Lembrança viva da infância. 1972. Tacão do regime militar implacável. Conversas aos sussurros dentro de casa. Choro. O irmão de um parente paterno fora preso, não por estar militando numa organização clandestina. Era “desbundado”. Assim a esquerda ortodoxa e a direita taxavam os que preferiam pôr o bloco na rua de outro modo.
“Os policiais o pegaram no Relógio de São Pedro fumando maconha”. A irmã relatava o sofrimento moral do rapaz com lágrimas nos olhos.
Certa senhora presente àquele velório sui generis, angustiada, tentava consolar a amiga. “Tudo se resolve e haverá um meio de tirá-lo desse vício. Não ficará drogado a vida toda”.
Vaticinara aquela que no futuro negociaria as córneas por uma receita azul prescrevendo Rivotril.
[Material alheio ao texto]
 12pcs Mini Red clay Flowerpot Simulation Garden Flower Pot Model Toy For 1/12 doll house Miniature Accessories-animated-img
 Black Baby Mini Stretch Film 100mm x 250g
O irmão do preso, que anos depois teve o fígado e outros órgãos comprometidos por excesso de álcool, arrotava moral pelos poros. “Hippie, maconheiro descarado, tinha que levar uma sova também!”
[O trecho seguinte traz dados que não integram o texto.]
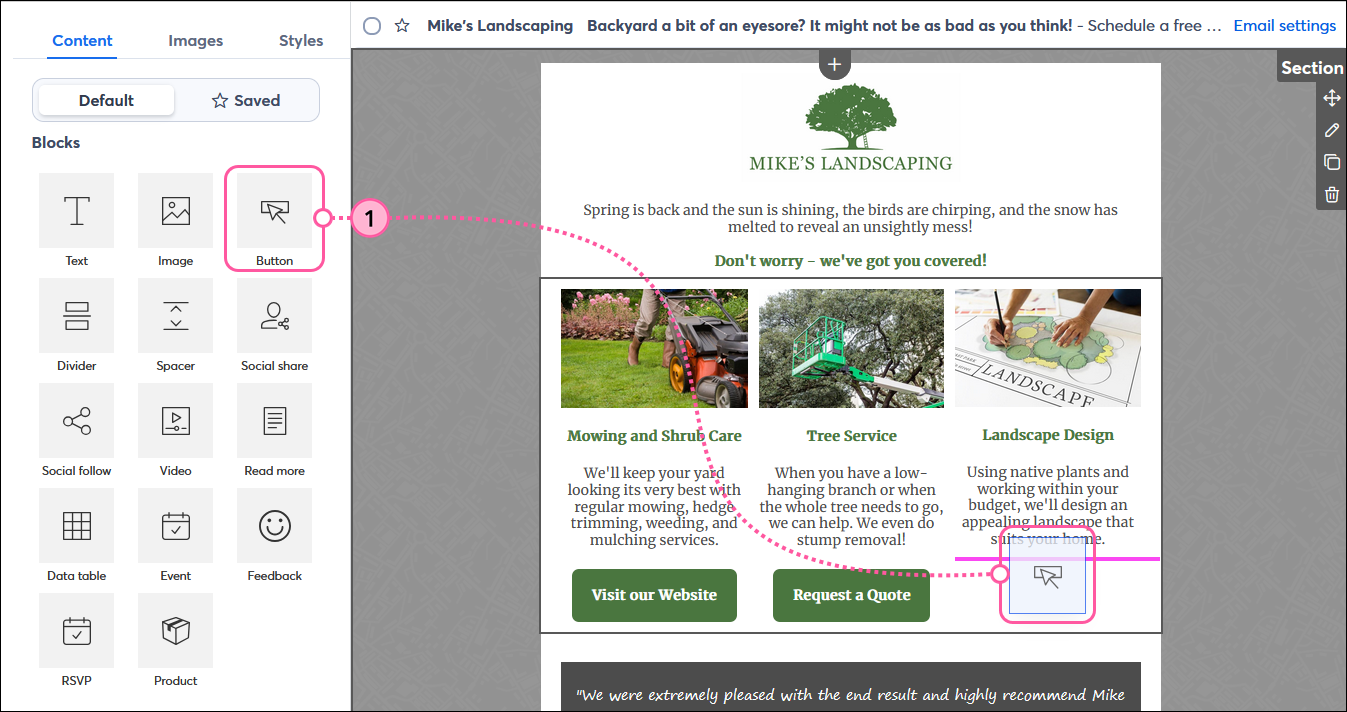 Email editor with Content tab selected, Blocks menu with Button block drag-and-dropped into template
Maconheiro. Chincheiro. Vagabundo. Não faltavam adjetivos aos apreciadores da cannabis sativa. Monstros mal vistos pela sociedade.
Quarenta e dois anos se passaram desde aquele bizarro episódio.
Não dá para dizer que muita coisa mudou, mas placas tectônicas que sustentam certos valores começam a se mover.
Na América do Sul, o governo do ex-guerrilheiro tupamaro José Mujica aprovou Lei que regula e estatiza o mercado da erva, liberando o plantio caseiro e o uso com normas. O objetivo, sustenta Mujica, é pôr fim ao narcotráfico.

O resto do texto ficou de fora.